Content marketing is a hard career path.
By Tracey Wallace
Not just because its hard to measure results (which it can be… but that can also be solved!). Not just because a lot of people think writing is easy (which they do, and for a lot of people, it is!). Not just because the industry is quickly changing and how content folks distribute content in 2024 is well, up in the air.
No, the crux of the challenge (and the opportunity!) in content marketing is in delicatly sewing the thread of the brand argument in a compelling way for your target audience.
To do that, you need to know and deeply understand:
- Your target audience and their industry: Their pain points and challenges, their frustrations, what keeps them up at night. Also, their language, how they speak to each other and those in their field, and what words they don’t use––which ones make an outsider clearly an outsider and which lose trust. And of course, which types of solutions are plausible, which they have tried before, which are well-known in the industry and why, etc.
- Your company’s product: Including what it is great at, and where it falls short––especially in comparison to competitors. And, what the perception of your company’s pros and cons are––even if they aren’t necessarily true. Perception is reality, after all.
- Your company’s POV and future: Where is your company going, what audiences do they want to talk to and which products do they want to sell, which new products are coming and who do they work best for, and how does your company want to change perception in market, what campaigns will you be running and how does that map back to your company’s brand positioning and pillars?
And a lot of companies, especially for those of your subscribed to this newsletter because you email me back about this a lot!, they don’t have this stuff clearly defined.
- It isn’t clear who the target audience is, much less their idnsutry, their preferences, their pain points, and how they speak.
- It isn’t clear how the company’s product stacks up in the market, and what landmines competitors are putting out there for you to trip up on.
- It isn’t clear what the roadmap is for the company, and what your brand pillars are either.
A lot of companies are still trying to find their product-market fit, either as a start-up or as an established company launching new tools into a new market.
Great content with a clear point of view and expertise has to be created in this chaos.
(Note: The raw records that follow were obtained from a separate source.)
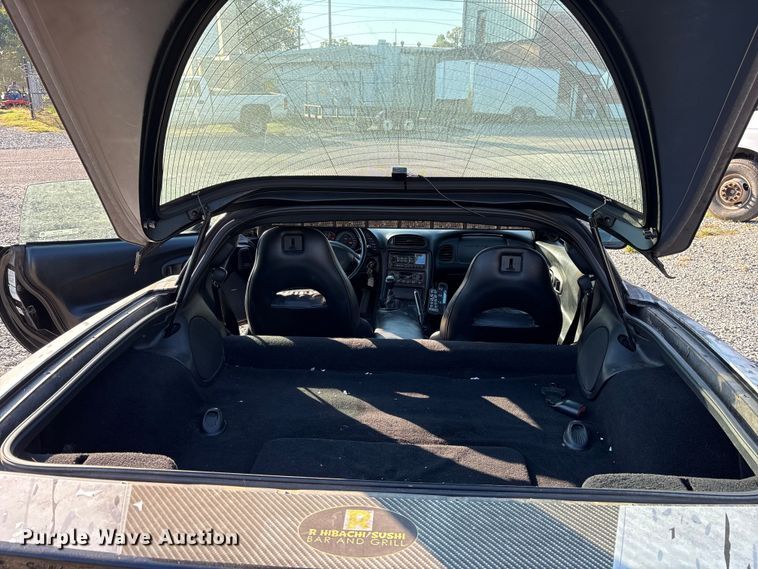 image for item ET7155 2003 Chevrolet Corvette 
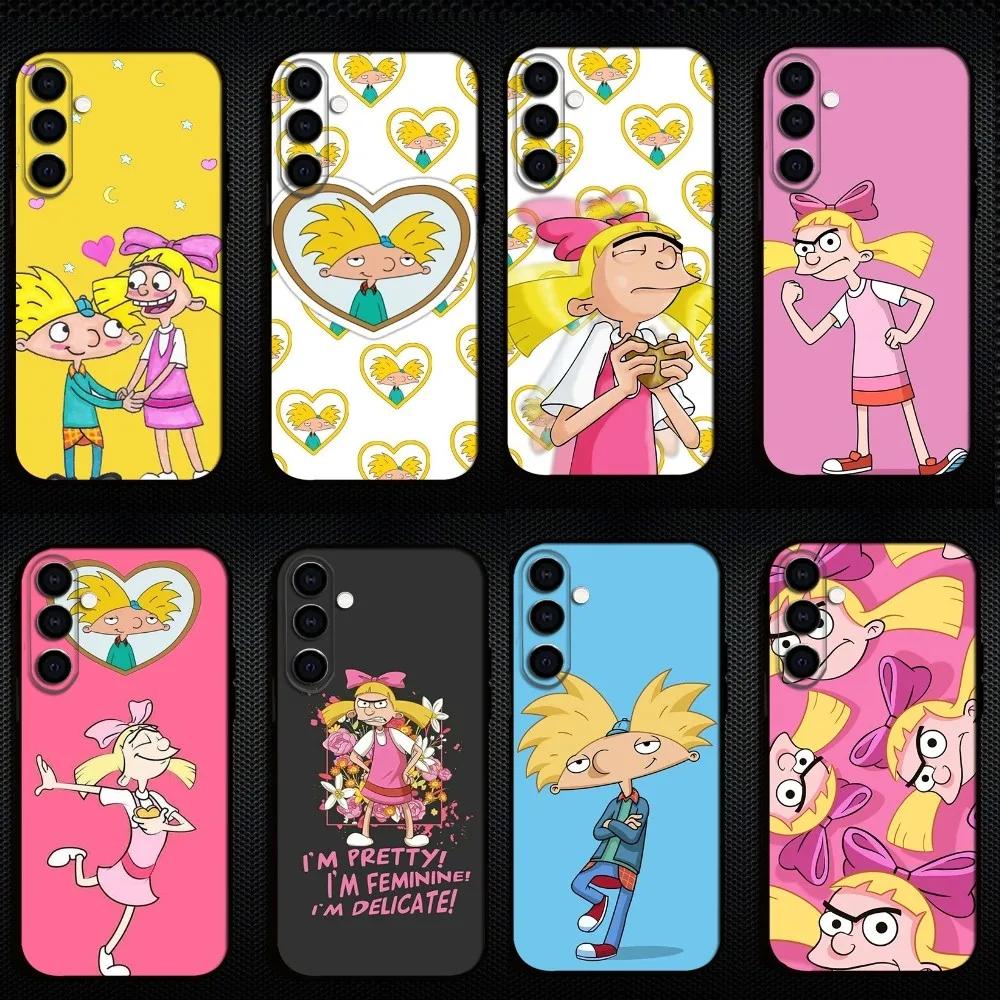 Cartoon Hey Arnold … - image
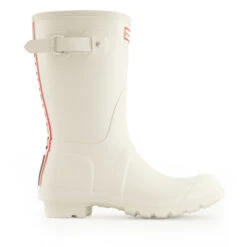 Hunter Boots - Women's Original Short Hunter Backstrap Boot - Bottes En Caoutchouc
In fact, content marketing done right is like working on one of those college group projects we all hated––but for the rest of your career.
And often, when things get overwhelming, when the feedback is never-ending and contradictory, and when your internal team seems to care, and push back on copy, the most––a lot of content folks shut down.
They give in. They stop sewing that thread, and let the compelling fall to the wayside.
And that’s because its hard. It’s hard to take disparate and contradictory feedback and weave a cohesive narrative. And, it’s hard to do that not just once, but in every single article, white paper, asset that you produce.
It’s hard, and it’s the job.
And I’ve found most often that right when you want to give in, right when the feedback is overwhelming and you can’t make sense of what direction it is folks want you to take… that’s often when you have found yourself much too close to the piece, and it’s time to walk away.
Not for good. But for now.
Close the computer, or pull up a different task (I know you have other things you can do!). Put this project to the side for 1 or 2 or 3 days. Put it out of your mind. Walk. Drink wine. Read a book.
And what you’ll often find––what I often find––is that the path to the narrative that appeases everyone, the one that is the most compelling, is just beyond this phase. And with a little time, and distance, your subconscious often solves it for you.
You’ll be cooking breakfast, or showing, or putting the baby to bed and it’ll hit you: the solution. The way forward. And so often, it’s such a small change. Some words here or there. A rearranging. And rarely over a complete re-do.
Content marketing is hard because telling compelling and cohesive stories is our job. Customer stories. Thought leadership. Research. Analysis. Webinars. Conferences. It doesn’t matter the type of the venue. The first goal is the same because it tracks back to your overall success at driving traffic and leads––it must be compelling, and it must be cohesive, and it must be consistent.
And companies themselves aren’t often those things. But you are, and you can make your content that, too. With time. WIth distance. As long as you keep sewing the thread, asking the questions, connecting the disparate dots, and following your curiosity.
Content marketing is hard, and what a blessing it is to bring stories and solutions to life.